Traded away for a GTO

By 1969, the Bond franchise had moved on to a new actor and a new Aston. The two press cars were returned to England and sold to Sir Anthony Bamford for a reported £1,500. Three months later, Sir Anthony traded 2017/R for a Ferrari 250 GTO (still a brilliant swap). The Bond DB5 in the "Cars of the Stars" museum in Keswick, England, is generally accepted to be 2017/R. The second press car, 2008/R, was driven by Sir Anthony occasionally, then sold in 1970 to B.H. Atchley, owner of the Smoky Mountain Car Museum in Tennessee, where it has been the primary attraction for 35 years. With this documented history, 2008/R is probably the soundest, most original survivor.

SCM Analysis


Vehicle:1965 Aston Martin DB5 James Bond
Years Produced:1963-65
Number Produced:886 coupes
Original List Price:$12,850
Tune Up Cost:$750-$1000
Distributor Caps:Original Lucas $250
Chassis Number Location:On firewall under hood
Engine Number Location:(same number as chassis) On chassis plate and valve cover
Club Info:Aston Martin Owners Club
Alternatives:1957-61 Jaguar XK150, 1955-63 AC Aceca, 1954-58 Alfa Romeo 1900 Super Sprint

This 1965 Aston Martin DB5 Coupe “James Bond” sold to an SCMer from Switzerland, via telephone, at RM’s Arizona Biltmore Resort Sale January 20, 2006, for $2.1 million. Can it be said that it was well bought, or that even on that evening it got all the money?

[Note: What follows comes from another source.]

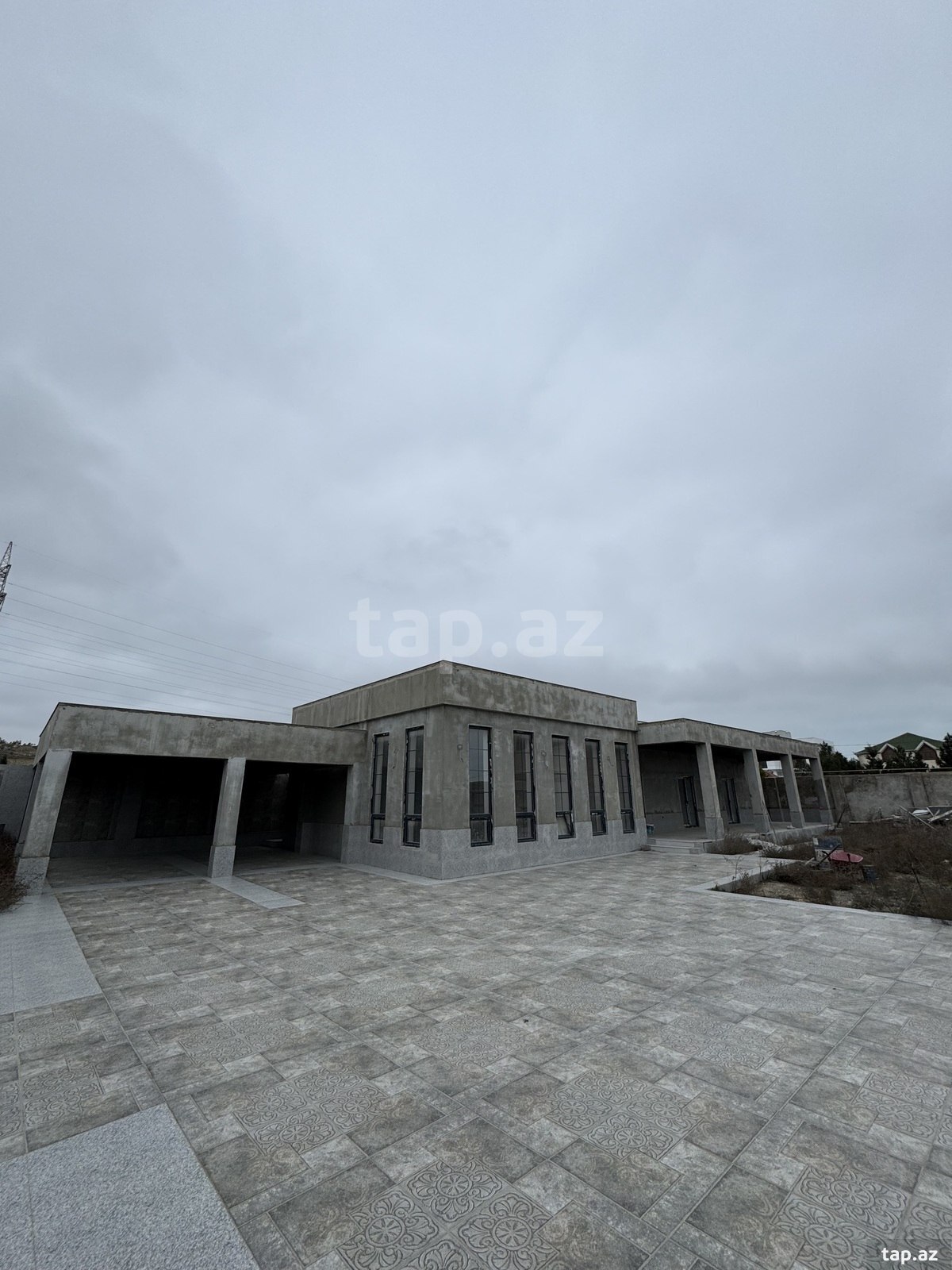 Satılır 3 otaqlı həyət evi 180 m²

I’d argue that collector-car values do not apply to 2008/R. It’s no longer just a car, any more than the velvet garment worn by Vivien Leigh in “Gone with the Wind” is just a dress, or a guitar played by John Lennon in “Hard Day’s Night” is merely a musical instrument.

Of course, Lot 155 is not the car driven by Sean Connery in “Goldfinger” or even in “Thunderball”. It’s a replica of a movie prop, though Connery is supposed to have driven it to events.

Valued as just another DB5, I’d have difficulty arguing it’s worth more than $150,000. It was fitted with replicas of all the guns and gadgets, but few were operational. The car was, at best, in number three condition. The finish is dull and the soft trim and rubber has dried with age. What would you expect of a vehicle that’s been sitting in a cage in a small car museum for 35 years?

But these DB5s established product placement, now such an important part of modern film financing. To explain why this car drew the price it did, we have to recognize that it’s one of three remaining examples of commercial acceptance of the value of product placement in movies and, importantly, a significant cultural symbol.

We saw ourselves at the wheel

This 1965 DB5 Coupe is one of the icons of the Baby Boomers; it represents the dreams of a generation that came of age in the ’60s. We were all confronted by Vietnam, political protests, and flower power, but secretly longed for a world where martinis were specifically ordered by dashing secret agents who wore white dinner jackets under their wetsuits and Beretta pistols in shoulder holsters discreetly concealed by their Savile Row tailors.

Every time we braked and downshifted for a tight curve in our MGB GTs, we saw ourselves at the wheel of the DB5, pursuing a blonde in a Mustang convertible over an Alpine pass. For one collector, being able to own and drive that symbol was worth $2 million.

The rest of us should be glad that this car belongs to a collector rather than being stuffed and mounted in a Planet Hollywood in Las Vegas or a tacky diorama in a museum somewhere in the hinterlands.

We don’t need to know that the navigation and radar screen on the console is just a picture glued on a piece of plywood or that the ejection seat button isn’t connected, any more than we need to know that Connery is now playing senior-citizen character roles and the lovely starlets from the Bond films live in retirement communities in Arizona-between visits to plastic surgeons.

The sale reminded me briefly of the days when anything was possible as long as one had the style to carry it off. And one buyer decided, at least each time he is behind the wheel of this DB5 Coupe, to momentarily halt the march of time that dims those memories.